De este modo, alguien que parece estar contra la cuarentena, como lo estarían los gobiernos que protegen la productividad material de las empresas e inmaterial de los entes financieros, nos advierte sobre las consecuencias secundarias del distanciamiento. En vez de una métrica sanitaria, las considera una lógica descuidada, aunque se hable de cuidado. Protesta contra la desconfianza en el abrazo, contra el recelo en la proximidad de los cuerpos. Y evoca el fantasma recurrente de Antígona, que no puede posar en esta época, quizás por primera vez en su larga historia de mito esencial que acompaña la historia humana. ¿Qué significa esto? El grito de advertencia de Agamben, aunque enoje por su desacato a las medidas necesarias de los gobiernos sensatos, tiene alcances filosóficos profundos. Nos ayuda más que el frágil pronóstico de la caída del capitalismo por un resoplido matutino del Logos.

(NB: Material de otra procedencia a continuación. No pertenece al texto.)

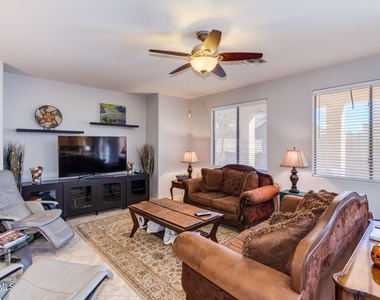 4815 N 96th Lane - Photo Thumbnail 8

Nos indica, contra los que presionan para levantar la cuarentena en nombre de ofrendar las necesarias vidas desnudas que el capitalismo siempre sacrificó (y no fueron muchos los que se indignaron contra esas muertes millonarias donde goteaba el silencio) que las medidas de protección de la vida deben mantenerse con un cuidado inspirado en una preocupación profunda. No con decisiones arbitrarias, abusos de poder, rasgo militarizantes, que lo único que provocan es un descontento que le sirve a la torpe filosofía del “muertos hubo siempre” de los hermanos Rocca y sus cofrades de todo el mundo. El cuidado intenso de las vidas no debe ser ni una rutina, ni una estadística ni un patrullaje. Debe tener también su economía política, su proyecto de distribución de responsabilidades colectivas, su plan maestro para el habitar, el educar, el curar y el vivir, que es la escucha para estar activos ante los legados culturales. Lo que Agamben quiere decir -lo interpreto y lo suavizo- es que si perdemos el cuidado más hondo, el del abrazo y la visita a nuestros muertos, esto es, el tema de las grandes leyendas de la humanidad, nos será más difícil el rudo debate con los mercaderes de la muerte estadística, que como parece abstracta, la consideran como la cuota necesaria para seguir dominando el mundo.